A 6 week adventure in gastronomica, sights, and observation.

Wednesday, September 08, 2004

Rules of the Road (part dux)

(For those of you unfamiliar with our first installment, swing by Rules of the Road part 1)

Again I write all wacked out due to lack of sleep. 3 hours yesterday due to warm weather, ping pong and excessive amounts of caffeine. Here we go...

9. Know your sources - at least when it comes to food.
Purchase, find, or, as Che' would put it, appropriate as many groceries as possible from farms, farmer's markets and food co-ops.

10. It's called revolving debt for a reason...
Taking our cues from the lack of fiscal responsibility by our current president, we shall not bother ourselves with balancing a budget. Why pay now when there are fewer people to tax in the future? Maybe we'll just try to rehabilitate some oil fields for spare cash - that worked, didn't it?

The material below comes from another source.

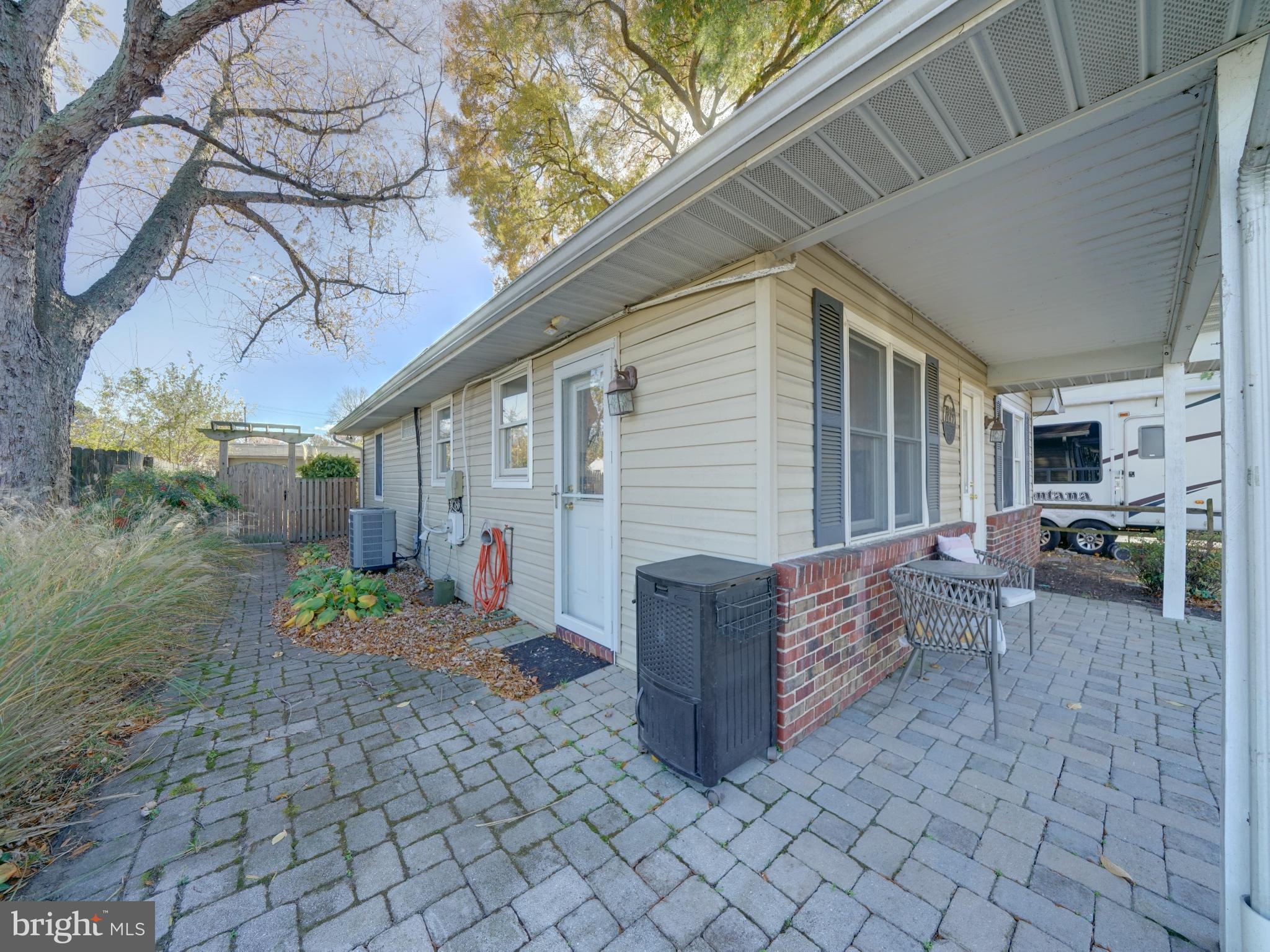 BAYSIDE BEACH - Residential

11. Detours are the destination.
What's luxury without a bit of eye candy? It's important to note that possible points of interest include the Corn Palace (Mitchell, SD), microbreweries, decent coffeeshops and all of Nebraska. (you think I'm kidding, don't you - just wait for the pictures)

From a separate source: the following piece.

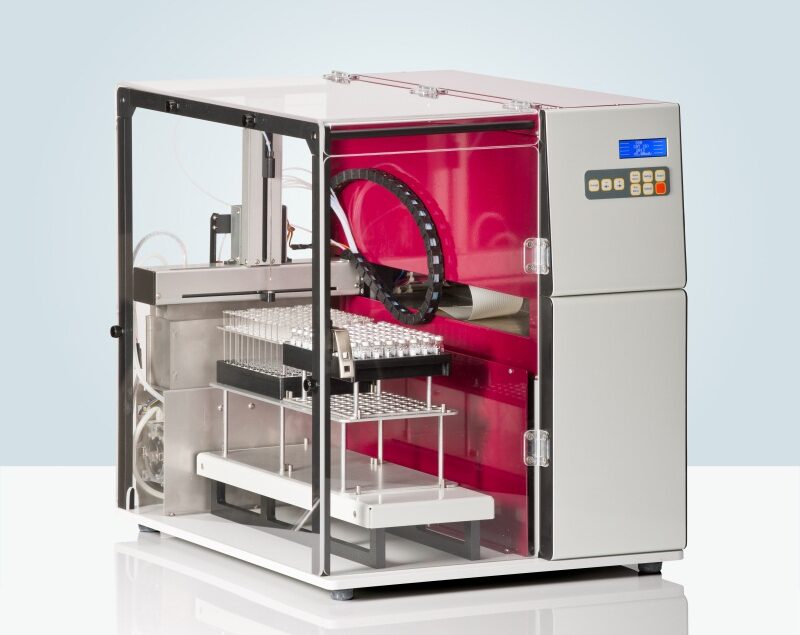 DSR-M The dissolution sampling robot with media refilling and dilution option.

12. Keep in mind our time frame so as to avoid breaking rules 2 & 3.
Aaaah, and you're wondering what the hell our timeframe is. Frankly, so are we.

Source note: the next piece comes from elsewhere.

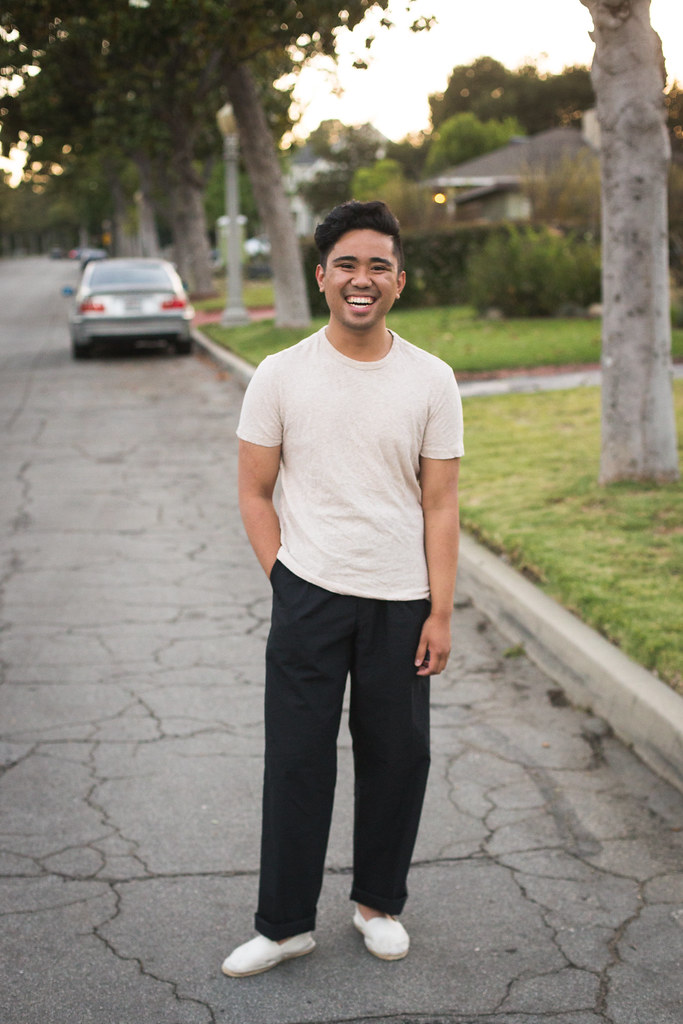 Tee Shirts and Trousers 5: Untucked with Wide Leg Seersucker Pants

13. Gleefully cross and recross border.
Geese fly south for the winter. Fools make for the north pole. And in between? Flip-floppers like us searching for aforementioned fools (see rule #16).

14. Update weblog at least every 3 days.
For all our adoring fans. In lieu of email. And phone calls. Oooh yeah, I knew I liked this Internet thingy.

15. Spend at least 1 hour/day writing and documenting.
Comes naturally to some people. Others need a bit more prompting. Pairs nicely with rule #14.

16. Spread the word about UnoTraveler.
Hey you! Click on that link! Over there! (other methods of coercion will include magnets, stickers, spray paint, words from our mouths, body paint, and that staple of our current war on terror, duct tape (don't ask).

17. Experience Organic Farming
But what is experience?

18. Investigate metaphysical topics without coming to any kind of solution.
See rule #17. Also, this fella.

19. Abandon any rule which throws off rule #1, especially rule #1.
This rule has been preemptively applied to the following rules:
Rule # 63. Participate in weekly annoy-a-thons, preferably when in the car or over-tired.
Rule # 1,028. Put "flame retardant" to the test.
Rule # 109. Whenever the situation arises, rape the horses and ride off on the women.

Enough silliness. Back to Dr. Seuss tributes.